The lawsuit, filed Dec. 2, alleges Charlene Armstrong used her position working for the Department of Tourism and Culture to issue two fraudulent cheques.
According to the government, she issued a first cheque of nearly $24,600 in May 2013 to the Arctic Edge Skating Club.
She issued a second cheque of more than $19,400 in August that same year to the skating club.
That’s when a clerical error led to “the discovery of the fraud,” the government said.
In the court document, the government says it conducted its own investigation during which Armstrong admitted to forging the necessary paperwork to issue the cheques.
“Further, she admitted that, after the cheque was issued, she had destroyed file copies of the documents relating to the payment,” the statement of claim reads.
Armstrong was fired on Sept. 6, 2013, the government said.

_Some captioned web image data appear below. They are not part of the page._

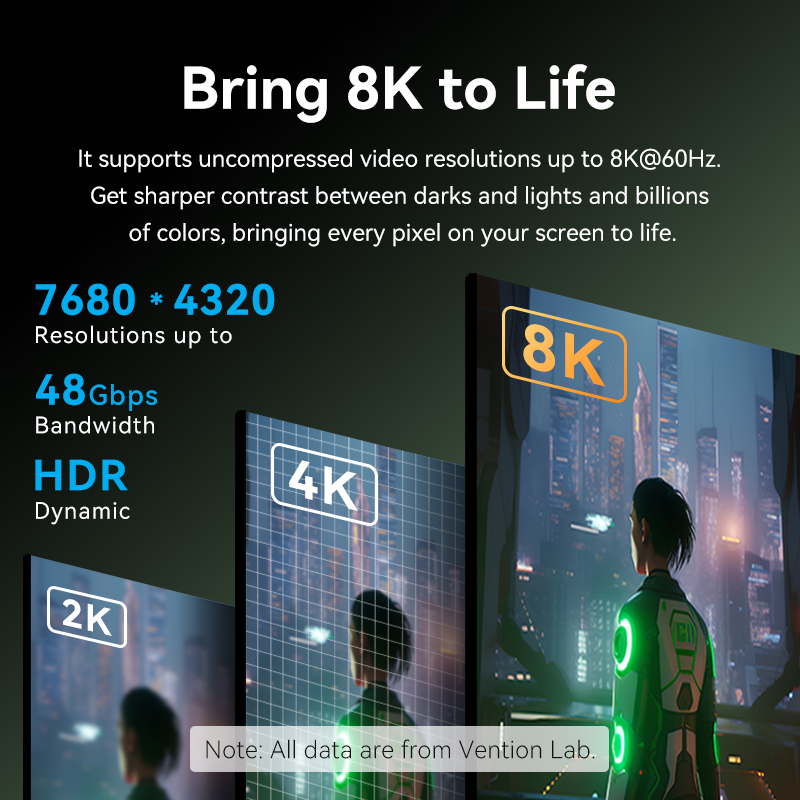 Vention 8K 60Hz HDMI 2.1 Cable - Gaming Console Bundle review and price
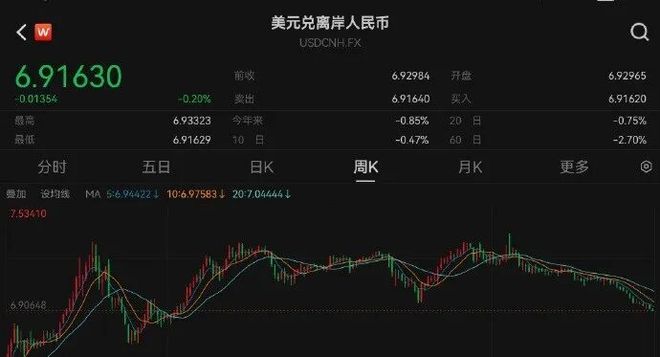 汇率最高的货币(世界货币汇率排名一览表最新) 汇率最高的货币(世界货币汇率排名一览表最新)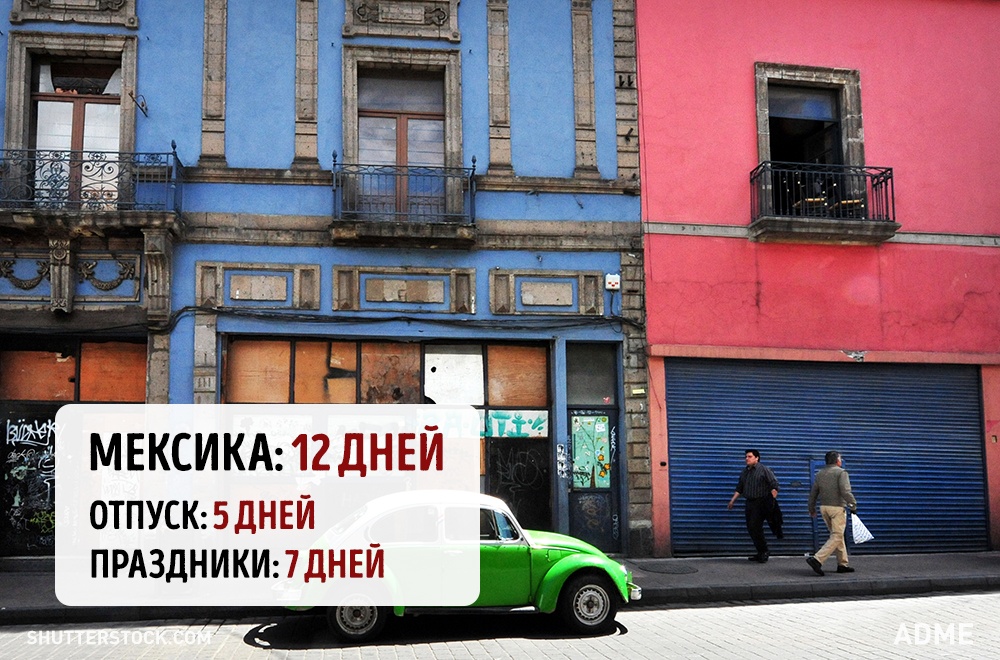 Скільки тривають відпустки і свята в різних країнах світу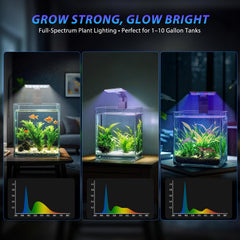 FluviRay mini clip-on light in white daylight mode for natural daytime viewing.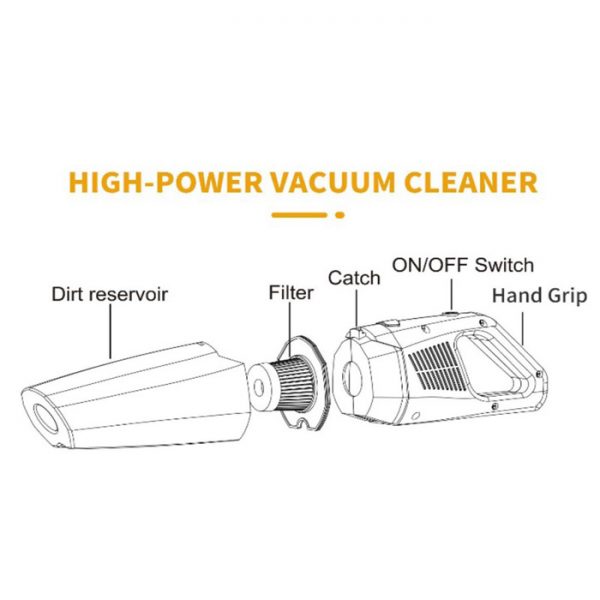 ΗΛΕΚΤΡΙΚΟ ΣΚΟΥΠΑΚΙ ΑΥΤΟΚΙΝΗΤΟΥ - CARSUN MULTIFUNCTION CAR VACUUM CLEANER - MODEL: C1398 - Image 5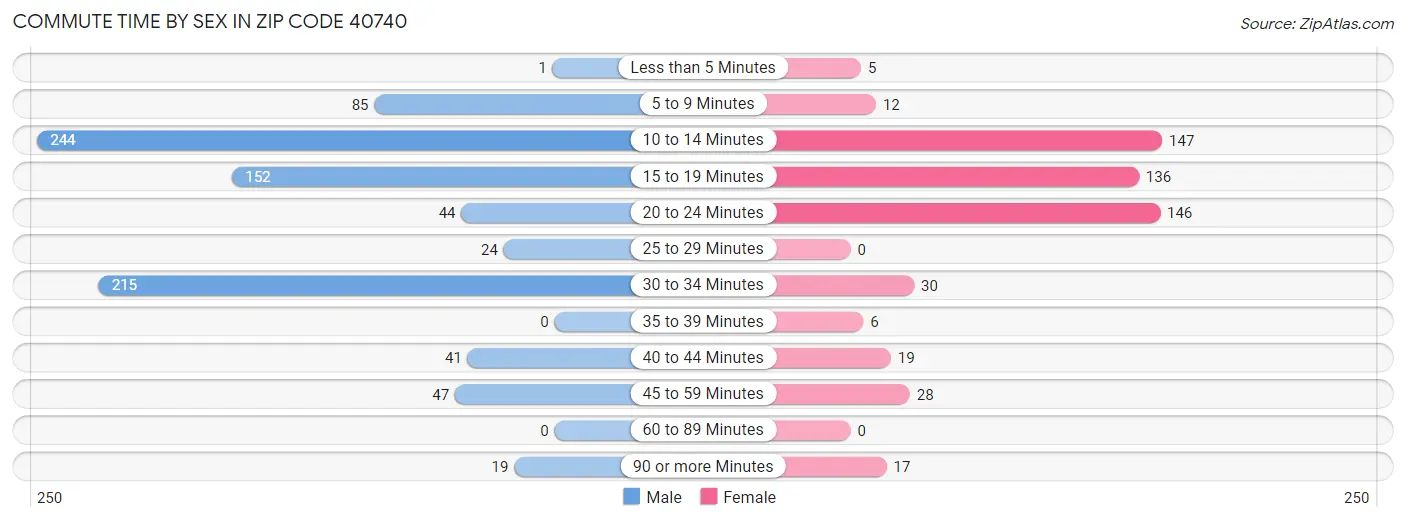 Commute Time by Sex in Zip Code 40740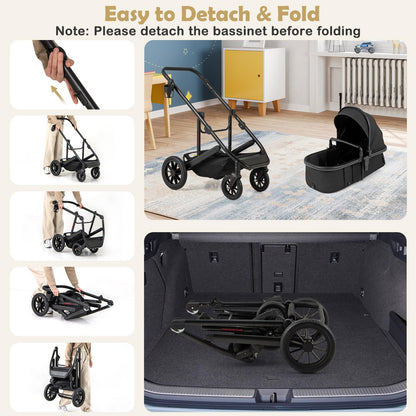 2-in-1 Convertible Baby Stroller with Bassinet Mode, Reversible Seat & Adjustable Canopy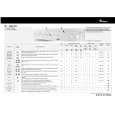 WHIRLPOOL AWM 5067 Quick Start WHIRLPOOL AWM 5067 Quick Start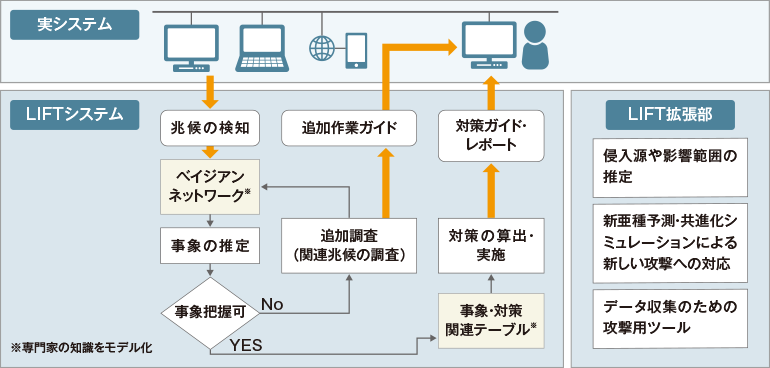 Aiとセキュリティ テレワークの運用支援 Skysea Client View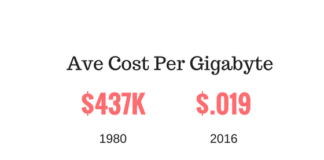 Cost of Hardware Storage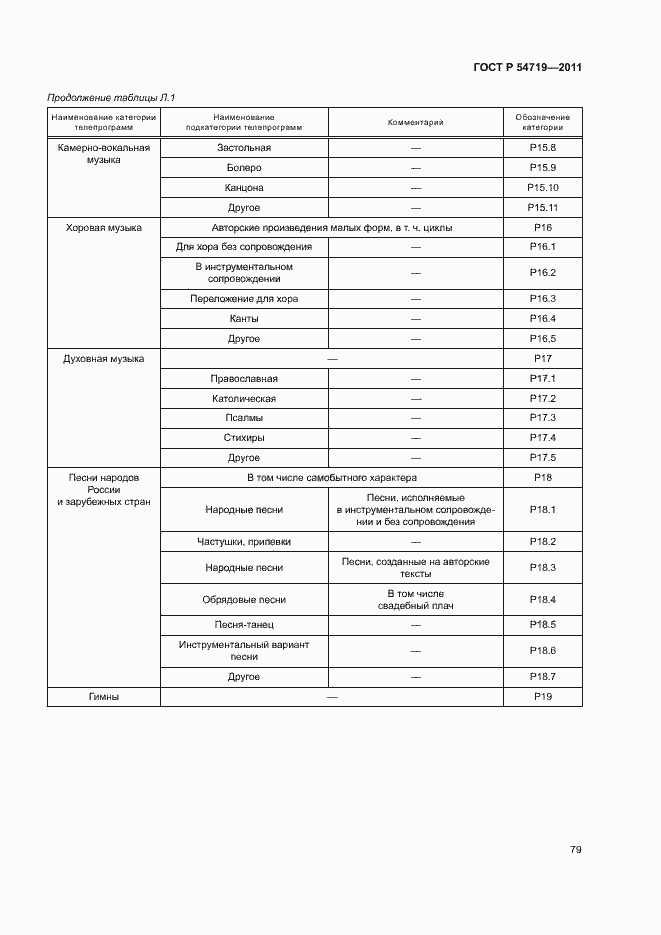 Страница 83 ГОСТ Р 54719-2011
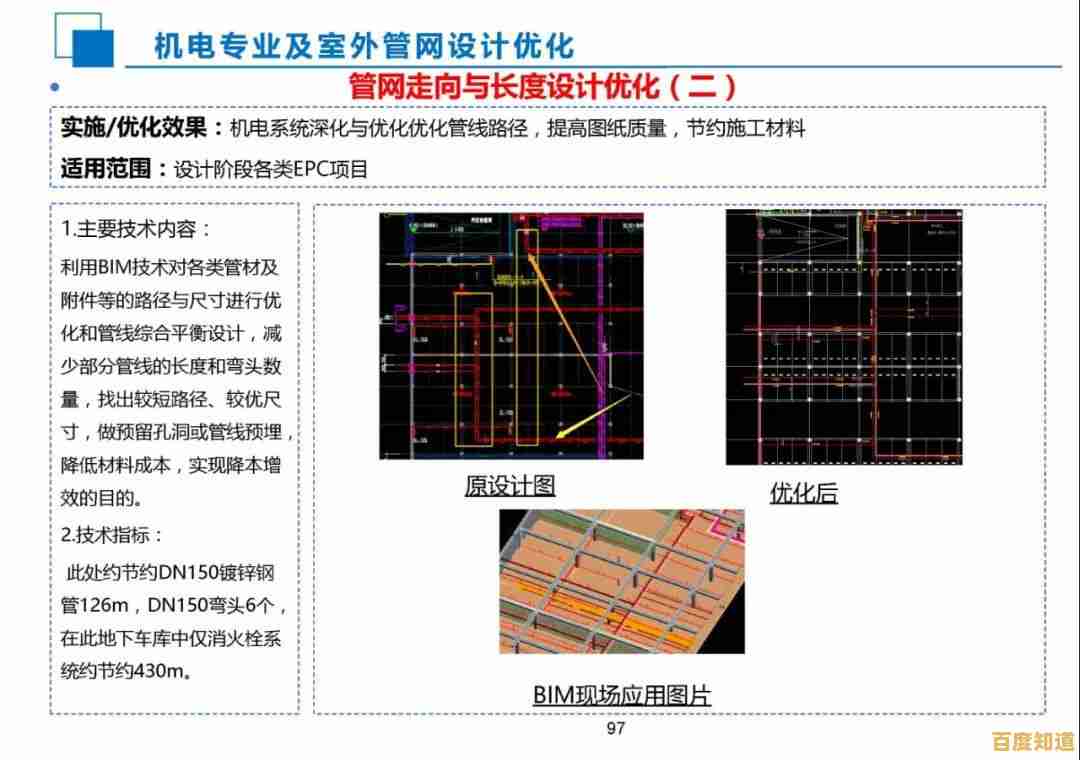 专业指南：如何优化PDF文档大小并确保高质量内容不丢失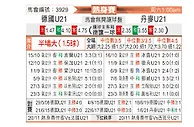 [国际友] 德国U21vs丹麦U21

In December 2015, she settled with the government, the lawsuit says, agreeing to repay the amount of the first cheque, plus three per cent interest, which would be around $26,000.
She had to pay by September 2016 or the government would sue her. The government says she didn’t pay the money back.
None of these allegations have been proven in court.
The Arctic Edge Skating Club declined to comment, though it did confirm that Armstrong used to sit on the club’s board as the treasurer.
Multiple calls to Armstrong and her lawyer were not returned by deadline early Wednesday.
The Yukon government provided $34,900 in funding to the Arctic Edge Skating Club for the 2014-2015 fiscal year, according to a June 2014 government press release.
Minutes of the club’s executive committee meeting showed Armstrong was heavily involved in the club’s operations as early as 2008.
Those minutes are available online as far back as 2007, except for a September 2013 meeting that is listed on the website, but with no actual document attached.
Through 2015, the minutes note some discussions that were held in camera — privately with only the executive present and not recorded in the minutes — under the tag “correspondence.”
At the club’s 2012 annual general meeting, Armstrong passed a motion to waive “the audit,” with no information provided on the context of that motion.
While the government’s lawyers addressed a statement of claim to the Yukon law firm Austring, Fendrick & Fairman, it’s not clear whether the firm still represents her.
Last year, the firm went to court over Armstrong’s unpaid legal bills.
In a January 2015 letter Shayne Fairman wrote that Armstrong had accumulated $4,800 in unpaid legal bills and that she had refused to communicate with the law firm.
The file lists three cases the law firm represented her for, including one labelled “misappropriation of funds.”
In February 2015 a Yukon Supreme Court clerk issued an order for Armstong to repay the money. There is no indication in the court file that she did.